══ The input
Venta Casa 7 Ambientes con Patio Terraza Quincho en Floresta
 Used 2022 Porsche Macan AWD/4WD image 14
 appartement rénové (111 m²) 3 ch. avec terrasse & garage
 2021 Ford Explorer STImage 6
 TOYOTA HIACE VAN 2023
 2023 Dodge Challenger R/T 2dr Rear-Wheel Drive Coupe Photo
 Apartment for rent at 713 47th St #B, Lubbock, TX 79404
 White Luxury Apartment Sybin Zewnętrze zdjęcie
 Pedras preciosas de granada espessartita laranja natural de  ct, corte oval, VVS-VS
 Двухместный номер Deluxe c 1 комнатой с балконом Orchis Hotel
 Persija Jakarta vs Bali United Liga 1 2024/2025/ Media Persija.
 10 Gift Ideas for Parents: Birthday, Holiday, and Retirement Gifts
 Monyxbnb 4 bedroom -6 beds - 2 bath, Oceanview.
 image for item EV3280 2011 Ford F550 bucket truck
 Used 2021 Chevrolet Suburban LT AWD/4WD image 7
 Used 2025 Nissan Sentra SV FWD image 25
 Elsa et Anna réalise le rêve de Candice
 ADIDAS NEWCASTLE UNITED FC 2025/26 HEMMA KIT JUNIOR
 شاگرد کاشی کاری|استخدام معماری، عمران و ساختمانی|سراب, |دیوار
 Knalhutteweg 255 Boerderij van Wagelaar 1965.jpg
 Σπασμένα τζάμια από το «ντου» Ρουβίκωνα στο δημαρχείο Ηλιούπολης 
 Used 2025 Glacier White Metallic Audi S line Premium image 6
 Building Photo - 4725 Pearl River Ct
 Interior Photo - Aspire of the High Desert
════
*Work to be completed*.
In the material above, locate the line containing "Apartment for rent" and the line containing "Used 2021 Chevrolet". Transcribe exactly those two lines and every line between them, and nothing more.

*Solution to the exercise*.
 Apartment for rent at 713 47th St #B, Lubbock, TX 79404
 White Luxury Apartment Sybin Zewnętrze zdjęcie
 Pedras preciosas de granada espessartita laranja natural de  ct, corte oval, VVS-VS
 Двухместный номер Deluxe c 1 комнатой с балконом Orchis Hotel
 Persija Jakarta vs Bali United Liga 1 2024/2025/ Media Persija.
 10 Gift Ideas for Parents: Birthday, Holiday, and Retirement Gifts
 Monyxbnb 4 bedroom -6 beds - 2 bath, Oceanview.
 image for item EV3280 2011 Ford F550 bucket truck
 Used 2021 Chevrolet Suburban LT AWD/4WD image 7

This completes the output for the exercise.